Offshore drilling: Still dirty, still risky
Along our nation’s coasts, the
oil industry continues its push to
expand offshore drilling, seizing
on state-level budget pressures to
convince lawmakers to allow this
destructive activity.
The oil industry claims drilling
technology has improved, which it
has, but the process still pollutes our
oceans and beaches at every stage from
exploration to extraction. And the
risk of catastrophic spills remains—an
environmental nightmare that can
cost millions to local economies and
do irreparable harm to wildlife, as
Florida residents were reminded after
two oil spills in the Gulf of Mexico
earlier this year.

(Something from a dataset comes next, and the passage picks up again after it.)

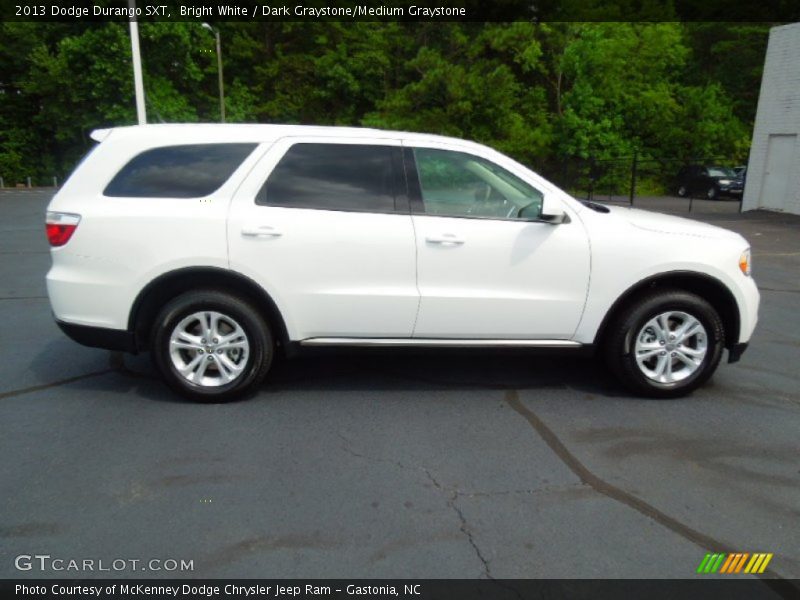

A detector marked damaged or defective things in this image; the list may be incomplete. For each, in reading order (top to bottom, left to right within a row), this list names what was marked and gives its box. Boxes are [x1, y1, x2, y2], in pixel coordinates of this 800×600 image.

In response, our
sister organizations in California and
Florida jumped into action to save
our waters and coasts from the threats
of offshore drilling.
This summer, after Gov. Arnold
Schwarzenegger announced he
was reversing his long-standing
opposition to drilling, thousands of
Environment California members
and activists contacted officials in
Sacramento. The state Assembly
rejected the governor’s plan, but our
work isn’t done since oil interests
and some legislative leaders are still
pushing to drill. Just two months
earlier, Environment Florida helped
stop a proposal in Tallahassee that
would have opened Florida’s coast to
drilling. But with pro-drilling interests
working on a ballot measure to not
just allow, but mandate, drilling, we’re
still organizing to protect the coast.